E chiediamoci: ma che cos’è la pace? Che i giusti cedano e si mettano attorno a un tavolo diplomatico a discutere con i disonesti? Forse pace significa che l’Ucraina debba rimettersi nelle mani di un criminale di nome Putin? Questa è la pace che vogliamo? Questo è forse l’intento dei pacifisti: no alla guerra, no alle armi, no qui no là…? Provate a rubare una sola cipolla al loro orto, e poi questi pacifisti vacanzieri sono pronti con un fucile in mano a spararvi addosso.
Certo, noi amiamo la pace, ma nel senso di quel pacifismo che ci permette di fare i nostri interessi. La guerra rovina i nostri piani, procura guai al nostro quieto vivere da intendere nel senso più borghese del termine “quieto”.
Dunque, preghiamo il Signore per chi ci governa, soprattutto per quei politici che ci stanno s-governando con le loro grettezze, che del bene comune hanno una concezione ben misera, che ogni giorno litigano in modo osceno: questi governanti non amano il popolo degli onesti, ma a loro preme sfruttare i cittadini accarezzando la loro pancia.
E qui avrei dovuto riallacciarmi al primo brano, ma non ho più tempo a disposizione. Dico solo una cosa: nei riguardi del potere c’è un verbo che viene ripetuto quattro volte, ed è “prendere”. Il potere prende tutto da noi, i nostri diritti, anche la nostra coscienza. Il potere è un sistema, e tutto è in funzione di questo sistema: noi siamo strumenti, oggetti, per il bene di un potere che fagocita tutto. Siamo in un sistema, e al popolo bue in fondo piace farne parte. Gli antichi romani dicevano: panem et circensens, una pagnotta e tanti divertimenti, e il popolo si diverte e obbedisce.

2 Commenti

  1. Andrea G ha detto:

    Dalla Enciclopedia Treccani, Dignità: “La condizione di nobiltà ontologica e morale in cui l’uomo è posto dalla sua natura umana, e insieme il rispetto che per tale condizione gli è dovuto e che egli deve a sé stesso.”
    Nobiltà “ontologica”, cioè che riguarda la sua essenza, l’ESSERE! Come si può parlare di “Essere” quando in quest’epoca – o meglio, momento, dato che stiamo (e non siamo) in un tempo senza epoca – non si fa altro che esaltare l’apparire?
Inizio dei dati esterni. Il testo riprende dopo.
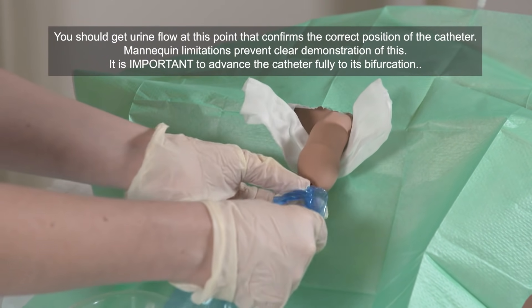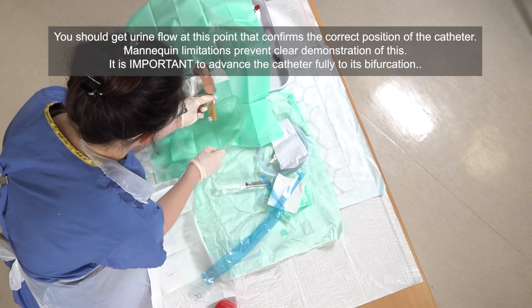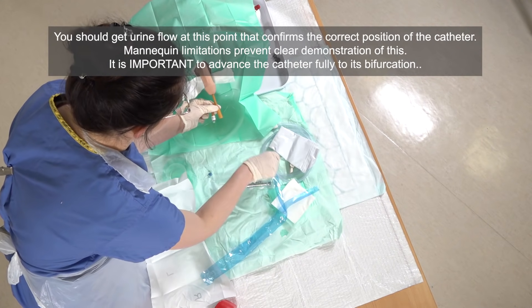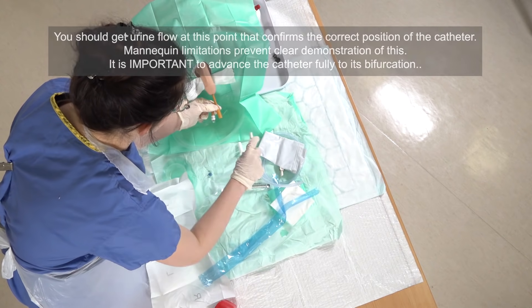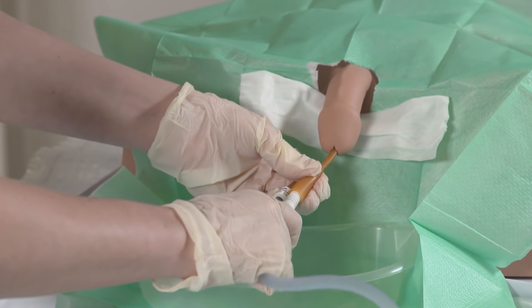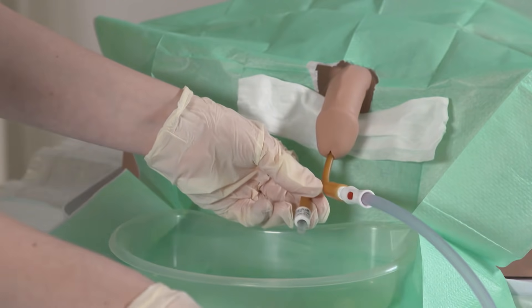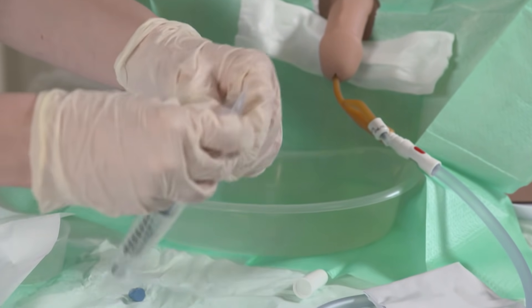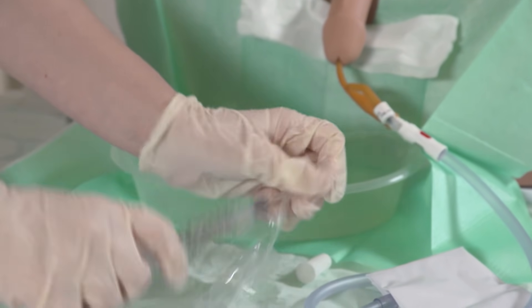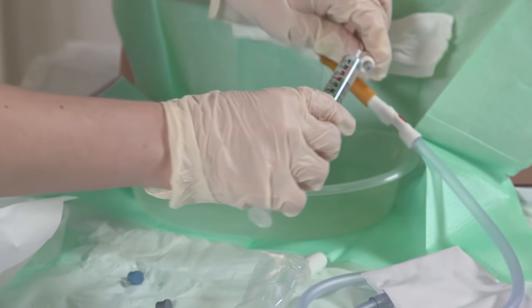Then we'll remove this plastic. At this point the urine should be coming out; if it isn't, it may just mean the patient needs to be repositioned. We can place the bag onto the end of the catheter, then using our other syringe of water, just inflate the balloon on this port.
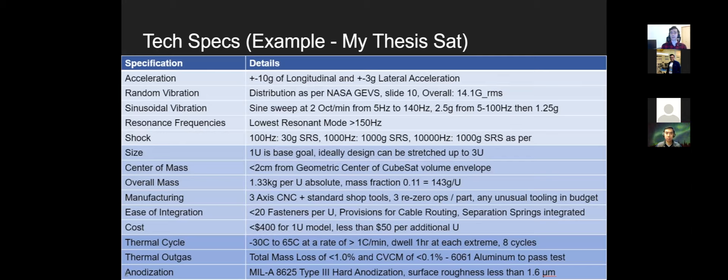Here's an example set of tech specs from my thesis satellite, designed to launch on a Falcon 9. The first bucket covers vibrational forcing — what the structure must survive on the way to orbit. The middle ones address whether it's a valid CubeSat — size, center of mass, overall mass — and my custom thesis requirements like manufacturability and cost competitiveness. The final ones relate to on-orbit survival: thermal cycling, no outgassing, and anodized surfaces.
Dai social che impongono sempre presenza d’immagine, alla politica gretta (da tutte le parti), al pacifismo fasullo senza Giustizia, alla Cultura osannata ma in realtà tradita da finte innovazioni che cancellano la civiltà. Ha ragione, caro don Giorgio, quando afferma che siamo fagocitati da un sistema che svuota tutto e pone degni ed indegni sullo stesso piano.

  2. Lanfranco Consonni ha detto:

    Interessanti le letture di questa domenica. Sembrerebbe che il destino le abbia messe proprio in questa domenica, dieci giorni dopo la caduta di un governo per mano di “potenti” che non hanno saputo guardare al bene comune. Forse non abbiamo pregato abbastanza per loro?